The agency is placing multiple bets that quantum computing will play an important role in the future of large-scale scientific computing, whether as an accelerator of sorts or a more general purpose system in the future. With so many scattered projects it’s difficult to keep a running total but it is not unreasonable to assume that, at the current rate, the DoE could invest well over a billion dollars into future quantum tech by the end of 2022 and that’s not including the millions reserved to build the “quantum internet”.
The dollar figure on that gamble keeps increasing with another $73 million added today.
The DoE has been robust in its funding of quantum computing in the last few years. From all-encompassing programs like Q-Next pushing $115 million into the area over five years and segmented funding for application and domain areas in quantum (broadly called Quantum Information Science or QIS by the DoE), the department is clearly setting a course for future systems, even if the realization of that funding could be a decade (or more) away and even then still might not displace traditional supercomputers.
In 2019, the DoE awarded over $60 million for quantum computing in communications, in January, 2020 they announced $625 million for new quantum computing centers. In March of this year, $30 million for QIS in key application areas. This is in addition to the $115 million Q-Next program located at Argonne National Lab. All of this, along with the $73 million announced today, doesn’t include DoE money that moves along with that of the NSF and other agencies and programs. So perhaps it’s already over a billion.

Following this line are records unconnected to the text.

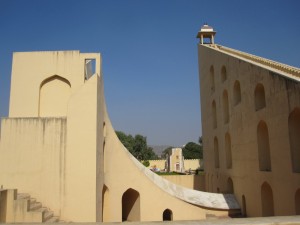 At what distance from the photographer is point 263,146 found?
10805 millimetres

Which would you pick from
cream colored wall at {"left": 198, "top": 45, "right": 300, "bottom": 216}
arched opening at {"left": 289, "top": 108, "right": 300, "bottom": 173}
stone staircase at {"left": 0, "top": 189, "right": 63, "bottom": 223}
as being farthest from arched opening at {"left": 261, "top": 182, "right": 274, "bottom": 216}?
stone staircase at {"left": 0, "top": 189, "right": 63, "bottom": 223}

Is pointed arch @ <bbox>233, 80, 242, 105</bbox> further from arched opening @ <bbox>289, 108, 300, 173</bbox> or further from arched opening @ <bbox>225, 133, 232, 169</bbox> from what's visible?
arched opening @ <bbox>289, 108, 300, 173</bbox>

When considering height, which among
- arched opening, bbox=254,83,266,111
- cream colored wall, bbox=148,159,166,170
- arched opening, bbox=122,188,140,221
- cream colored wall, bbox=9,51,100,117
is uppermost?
cream colored wall, bbox=9,51,100,117

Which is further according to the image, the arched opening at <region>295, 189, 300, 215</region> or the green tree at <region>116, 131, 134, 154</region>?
the green tree at <region>116, 131, 134, 154</region>

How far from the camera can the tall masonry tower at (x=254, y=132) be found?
8227mm

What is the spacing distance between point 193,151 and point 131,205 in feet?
138

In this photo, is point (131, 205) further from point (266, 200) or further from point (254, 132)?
point (254, 132)

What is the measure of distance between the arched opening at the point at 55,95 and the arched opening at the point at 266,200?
7698 millimetres

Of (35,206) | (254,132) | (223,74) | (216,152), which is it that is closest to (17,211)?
(35,206)

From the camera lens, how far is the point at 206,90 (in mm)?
19172

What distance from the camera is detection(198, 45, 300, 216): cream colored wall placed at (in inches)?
329

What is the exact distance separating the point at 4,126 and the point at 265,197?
9197 mm

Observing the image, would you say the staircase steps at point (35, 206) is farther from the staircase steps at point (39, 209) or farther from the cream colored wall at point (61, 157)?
the cream colored wall at point (61, 157)

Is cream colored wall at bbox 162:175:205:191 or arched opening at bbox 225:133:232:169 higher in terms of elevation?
arched opening at bbox 225:133:232:169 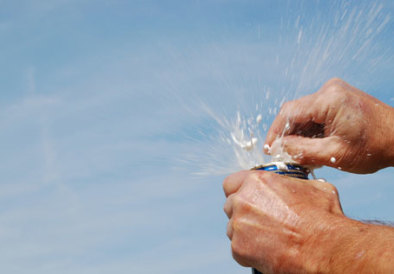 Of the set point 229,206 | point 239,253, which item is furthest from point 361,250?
point 229,206

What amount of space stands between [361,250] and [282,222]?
1.25ft

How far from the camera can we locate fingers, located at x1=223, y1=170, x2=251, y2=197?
113 inches

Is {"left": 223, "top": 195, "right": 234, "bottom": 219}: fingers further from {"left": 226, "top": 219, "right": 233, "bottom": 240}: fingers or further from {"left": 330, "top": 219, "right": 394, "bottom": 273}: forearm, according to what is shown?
{"left": 330, "top": 219, "right": 394, "bottom": 273}: forearm

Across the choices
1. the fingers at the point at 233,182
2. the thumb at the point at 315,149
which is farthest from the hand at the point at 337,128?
the fingers at the point at 233,182

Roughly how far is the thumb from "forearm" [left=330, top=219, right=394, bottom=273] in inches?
39.2

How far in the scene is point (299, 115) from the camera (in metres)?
3.77

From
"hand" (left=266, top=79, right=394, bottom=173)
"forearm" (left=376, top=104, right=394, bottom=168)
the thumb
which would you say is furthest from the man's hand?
"forearm" (left=376, top=104, right=394, bottom=168)

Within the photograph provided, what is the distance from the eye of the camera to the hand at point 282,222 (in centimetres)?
250

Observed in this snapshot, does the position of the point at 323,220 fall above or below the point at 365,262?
above

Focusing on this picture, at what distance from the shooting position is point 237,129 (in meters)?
3.32

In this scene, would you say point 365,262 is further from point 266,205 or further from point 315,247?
point 266,205

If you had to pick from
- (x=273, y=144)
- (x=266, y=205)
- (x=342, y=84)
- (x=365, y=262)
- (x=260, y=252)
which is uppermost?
(x=342, y=84)

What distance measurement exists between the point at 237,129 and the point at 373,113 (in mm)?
1261

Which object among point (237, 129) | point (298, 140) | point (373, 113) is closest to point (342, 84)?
point (373, 113) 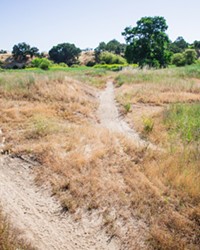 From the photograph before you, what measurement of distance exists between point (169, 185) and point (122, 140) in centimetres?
213

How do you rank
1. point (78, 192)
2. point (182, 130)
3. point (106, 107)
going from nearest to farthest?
point (78, 192) → point (182, 130) → point (106, 107)

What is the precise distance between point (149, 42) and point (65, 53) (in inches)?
1688

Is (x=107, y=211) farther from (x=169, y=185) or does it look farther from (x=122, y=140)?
(x=122, y=140)

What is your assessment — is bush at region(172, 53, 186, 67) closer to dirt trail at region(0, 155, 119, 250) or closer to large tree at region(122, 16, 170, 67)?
large tree at region(122, 16, 170, 67)

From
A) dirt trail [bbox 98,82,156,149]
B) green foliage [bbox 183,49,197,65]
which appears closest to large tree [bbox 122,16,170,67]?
green foliage [bbox 183,49,197,65]

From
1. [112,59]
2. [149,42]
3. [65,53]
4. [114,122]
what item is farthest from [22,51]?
[114,122]

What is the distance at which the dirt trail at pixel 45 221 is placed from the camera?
2971mm

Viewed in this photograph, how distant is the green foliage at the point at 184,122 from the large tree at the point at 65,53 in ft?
221

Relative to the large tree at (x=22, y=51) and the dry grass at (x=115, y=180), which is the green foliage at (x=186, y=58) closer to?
the dry grass at (x=115, y=180)

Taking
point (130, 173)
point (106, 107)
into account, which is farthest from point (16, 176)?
point (106, 107)

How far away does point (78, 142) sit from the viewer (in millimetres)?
5625

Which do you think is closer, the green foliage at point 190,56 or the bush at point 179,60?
the green foliage at point 190,56

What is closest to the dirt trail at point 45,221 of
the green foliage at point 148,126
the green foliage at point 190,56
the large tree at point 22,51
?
the green foliage at point 148,126

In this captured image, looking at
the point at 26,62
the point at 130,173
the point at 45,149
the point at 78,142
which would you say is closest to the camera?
the point at 130,173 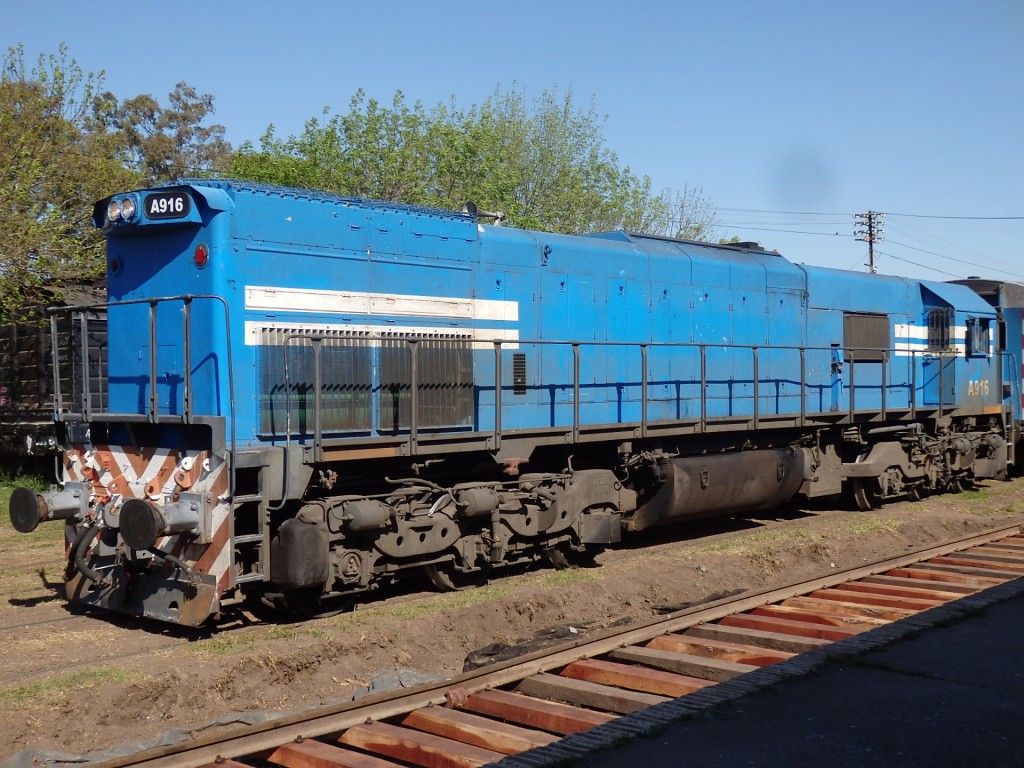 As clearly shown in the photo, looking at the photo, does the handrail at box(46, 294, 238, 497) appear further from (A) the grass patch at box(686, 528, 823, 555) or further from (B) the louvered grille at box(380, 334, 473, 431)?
(A) the grass patch at box(686, 528, 823, 555)

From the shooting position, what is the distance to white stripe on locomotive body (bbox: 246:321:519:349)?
323 inches

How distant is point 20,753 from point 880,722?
179 inches

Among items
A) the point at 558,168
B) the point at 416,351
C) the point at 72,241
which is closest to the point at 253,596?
the point at 416,351

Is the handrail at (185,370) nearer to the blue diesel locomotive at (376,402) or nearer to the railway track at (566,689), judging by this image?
the blue diesel locomotive at (376,402)

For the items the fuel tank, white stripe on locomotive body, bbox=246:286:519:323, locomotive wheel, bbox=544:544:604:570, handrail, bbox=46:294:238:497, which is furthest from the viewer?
the fuel tank

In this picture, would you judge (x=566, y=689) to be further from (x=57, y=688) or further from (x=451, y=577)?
(x=451, y=577)

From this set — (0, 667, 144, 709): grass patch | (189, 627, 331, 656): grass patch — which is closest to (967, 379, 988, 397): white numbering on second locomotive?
(189, 627, 331, 656): grass patch

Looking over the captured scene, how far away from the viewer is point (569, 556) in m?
10.8

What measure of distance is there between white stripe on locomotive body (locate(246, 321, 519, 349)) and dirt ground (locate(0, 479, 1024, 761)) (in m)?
2.38

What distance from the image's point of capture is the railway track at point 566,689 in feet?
15.9

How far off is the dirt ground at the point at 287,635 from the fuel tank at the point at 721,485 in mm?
483

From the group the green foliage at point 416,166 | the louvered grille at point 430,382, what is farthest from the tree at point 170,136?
the louvered grille at point 430,382

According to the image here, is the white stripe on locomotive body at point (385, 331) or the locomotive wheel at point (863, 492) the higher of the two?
the white stripe on locomotive body at point (385, 331)

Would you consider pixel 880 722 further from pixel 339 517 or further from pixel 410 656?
pixel 339 517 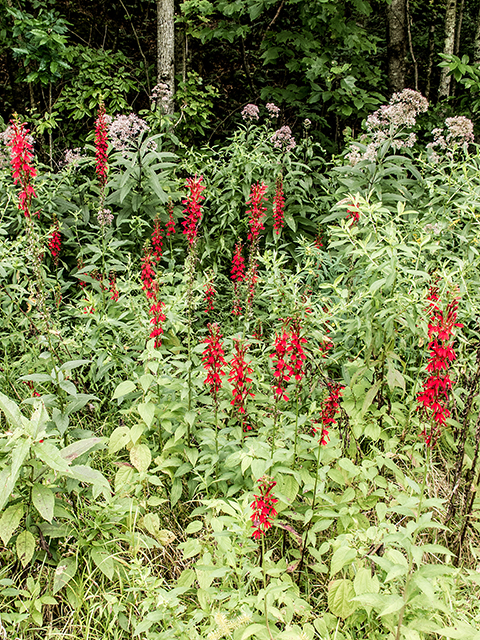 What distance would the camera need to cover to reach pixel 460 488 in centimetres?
239

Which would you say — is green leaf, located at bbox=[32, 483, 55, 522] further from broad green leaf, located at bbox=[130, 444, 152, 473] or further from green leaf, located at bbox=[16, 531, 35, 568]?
broad green leaf, located at bbox=[130, 444, 152, 473]

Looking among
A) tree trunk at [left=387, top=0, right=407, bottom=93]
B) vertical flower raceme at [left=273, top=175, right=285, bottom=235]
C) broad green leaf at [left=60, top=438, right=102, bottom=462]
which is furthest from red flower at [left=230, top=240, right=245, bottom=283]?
tree trunk at [left=387, top=0, right=407, bottom=93]

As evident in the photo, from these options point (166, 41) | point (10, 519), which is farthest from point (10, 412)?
point (166, 41)

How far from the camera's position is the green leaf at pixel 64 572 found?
1.91 m

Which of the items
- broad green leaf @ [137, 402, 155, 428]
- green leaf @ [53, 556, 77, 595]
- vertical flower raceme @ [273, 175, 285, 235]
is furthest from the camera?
vertical flower raceme @ [273, 175, 285, 235]

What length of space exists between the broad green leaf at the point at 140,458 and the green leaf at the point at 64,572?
44 centimetres

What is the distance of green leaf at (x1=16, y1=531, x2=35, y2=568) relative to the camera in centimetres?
187

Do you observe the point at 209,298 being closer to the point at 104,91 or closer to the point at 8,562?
the point at 8,562

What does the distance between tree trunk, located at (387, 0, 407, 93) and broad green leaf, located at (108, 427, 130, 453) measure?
550cm

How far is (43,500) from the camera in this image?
1.82m

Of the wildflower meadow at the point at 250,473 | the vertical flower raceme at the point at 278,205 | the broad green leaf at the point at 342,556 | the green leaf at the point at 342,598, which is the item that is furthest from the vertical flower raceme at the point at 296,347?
the vertical flower raceme at the point at 278,205

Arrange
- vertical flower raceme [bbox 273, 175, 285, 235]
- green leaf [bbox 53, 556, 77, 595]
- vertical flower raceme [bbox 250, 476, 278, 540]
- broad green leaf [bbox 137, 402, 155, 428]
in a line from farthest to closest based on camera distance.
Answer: vertical flower raceme [bbox 273, 175, 285, 235]
broad green leaf [bbox 137, 402, 155, 428]
green leaf [bbox 53, 556, 77, 595]
vertical flower raceme [bbox 250, 476, 278, 540]

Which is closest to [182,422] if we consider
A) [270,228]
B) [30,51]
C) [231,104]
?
[270,228]

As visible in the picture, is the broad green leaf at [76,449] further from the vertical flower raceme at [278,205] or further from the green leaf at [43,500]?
the vertical flower raceme at [278,205] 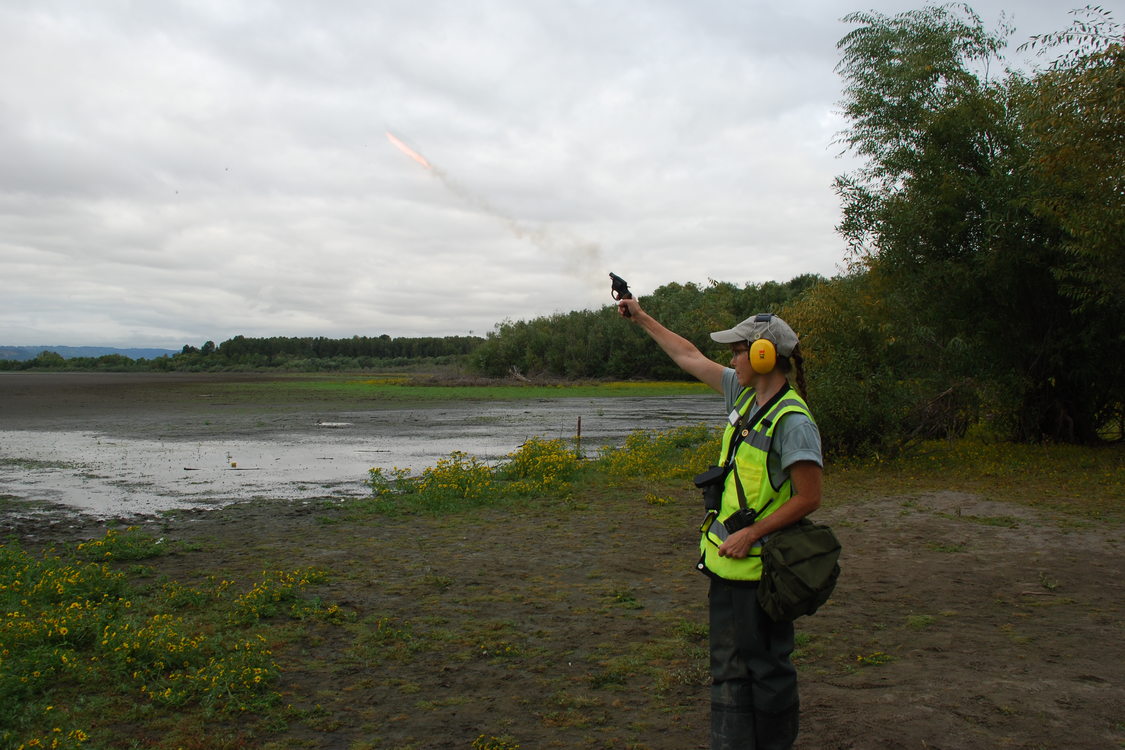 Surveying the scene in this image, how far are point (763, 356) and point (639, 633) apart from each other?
340 cm

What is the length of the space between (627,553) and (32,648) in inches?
221

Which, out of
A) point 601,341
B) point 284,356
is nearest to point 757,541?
point 601,341

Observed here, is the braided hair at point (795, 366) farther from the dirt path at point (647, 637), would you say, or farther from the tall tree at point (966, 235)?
the tall tree at point (966, 235)

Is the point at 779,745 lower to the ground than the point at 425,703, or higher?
higher

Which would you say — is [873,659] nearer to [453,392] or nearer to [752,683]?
[752,683]

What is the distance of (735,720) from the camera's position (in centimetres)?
341

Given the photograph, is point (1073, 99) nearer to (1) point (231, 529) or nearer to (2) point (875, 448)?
(2) point (875, 448)

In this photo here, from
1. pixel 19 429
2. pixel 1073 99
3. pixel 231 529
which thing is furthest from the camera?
pixel 19 429

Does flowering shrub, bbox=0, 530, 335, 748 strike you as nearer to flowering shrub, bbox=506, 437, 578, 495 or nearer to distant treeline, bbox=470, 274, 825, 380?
flowering shrub, bbox=506, 437, 578, 495

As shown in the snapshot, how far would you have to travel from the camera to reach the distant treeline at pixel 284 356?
141 m

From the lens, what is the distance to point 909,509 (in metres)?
11.5

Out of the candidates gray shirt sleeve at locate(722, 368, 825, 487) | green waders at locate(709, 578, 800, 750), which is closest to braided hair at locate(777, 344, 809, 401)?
gray shirt sleeve at locate(722, 368, 825, 487)

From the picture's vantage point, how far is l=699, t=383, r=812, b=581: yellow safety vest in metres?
3.43

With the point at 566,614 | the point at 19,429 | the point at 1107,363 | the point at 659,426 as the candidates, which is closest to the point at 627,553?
the point at 566,614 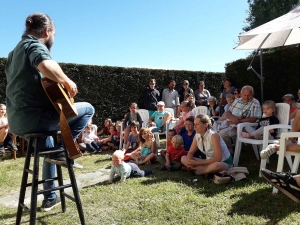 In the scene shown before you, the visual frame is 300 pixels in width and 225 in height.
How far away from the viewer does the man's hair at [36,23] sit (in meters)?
2.16

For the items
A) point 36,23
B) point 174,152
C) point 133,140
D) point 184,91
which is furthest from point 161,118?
point 36,23

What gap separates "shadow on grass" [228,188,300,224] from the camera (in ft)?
8.20

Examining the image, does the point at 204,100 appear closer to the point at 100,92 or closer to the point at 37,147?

This week, the DoE announced the $73m to fund new thinking and “experimental and theoretical efforts to advance understanding of quantum phenomena in systems that could be used for quantum information science (QIS) and the use of quantum computing in chemical and materials sciences research.” This influx of investment will span 29 projects over three years ranging from novel materials, cryogenic systems, and algorithms, among other areas.
With only a few application-focused awardees, the bulk of the funding appears to support quantum hardware efforts. This includes projects focused on qubit creation (materials, stability enhancements, entirely new qubit types), fault tolerance, and error correction. A few of the efforts will be focused on quantum simulation on traditional systems.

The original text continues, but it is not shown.